(XXX) Jueves 7 de mayo
LA CAMA
Isaac Asimov realizó un tremendo y exhaustivo volumen titulado “Cronología de los inventos”, desde la aparición de la especie bípeda que no pocas veces es cuadrúpeda, si contemplamos la esclavitud de su sombra.
Busco el volumen en mi arsenal de libros, tras pensar de manera concluyente que los dos inventos más preciados que tengo en casa y a los cuáles el hábito les ha quitado el carácter de sorprendentes son, en un riguroso orden, la cama y la ducha. La ducha fue inventada por un francés para mejorar la higiene de los presos, pero a veces dudo de su eficacia cuando la asocio con los olores que una vez me asaltaron en el Metro de París durante un remoto verano. Privilegio el gran invento de la cama sobre todos los inventos y que me perdone el ordenador en el que escribo.

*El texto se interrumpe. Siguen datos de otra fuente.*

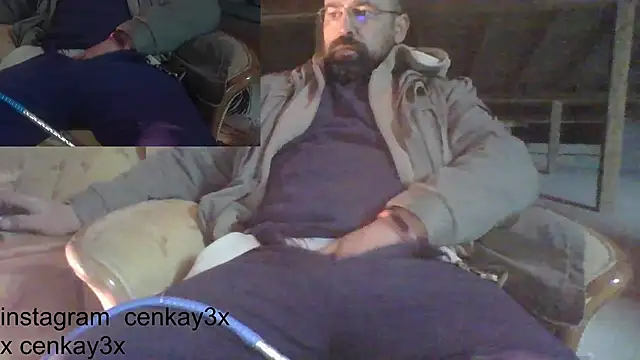 Snapshot of masculine_bear_daddy chatting on February 18, 7:09 pm masculine bear daddy online show from February 18, 7:09 pm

Vuelvo a abrir el mamotreto para recordar que el barro sublevado que es el hombre ha hecho méritos para no ser tan bruto como muchos, de la misma naturaleza, lo sospechamos. Más aún si ponemos en duda que la condición bípeda no la merecen por sus aspiraciones cuadrúpedas los políticos ni sus patrones millonarios y que ya deberíamos declararlos una especie aparte.
El libraco es notablemente ilustrativo. Tanto que logra recordarme lo que no sabía.
El doctor Asimov, en medio de mi desorden empastado me cuenta que en el remoto ayer era muy jodido trastear libros de tabletas de arcilla o de papiros enrollados. Y que apareció un rey que ideó lo que hoy llamamos Biblioteca. El monarca logró reunir “todos los libros”, tener una copia de los que existían en Nínive y los dispuso en estantes. El gran humanista tenía por nombre Asurbanipal. A pesar de su nombre de remedio, confieso que en mi ignorancia bien se me hubiera ocurrido ir a una farmacia y preguntarle a un dependiente si venden Asurbanipal genérico, ahora creo que todas las bibliotecas deberían tener un grabado de ese inteligente rey que hizo tanto por nuestro futuro y el de todos los confinados del mundo.
En 1180, aunque no se precisa el mes ni el día ni la hora, se inventaron los molinos de viento. El alienado por la literatura que soy lo festeja no porque sus aspas sirvan para moler vientos y cereales sino para que un febril hidalgo arremetiera contra ellos pensando que eran gigantes. Alienado que es uno, prefiero una batalla bizarra contra molinos que los crujientes cereales.
En fin, prefiero a Asimov, el notable autor dedicado a la ciencia ficción, que al respetado profesor de bioquímica.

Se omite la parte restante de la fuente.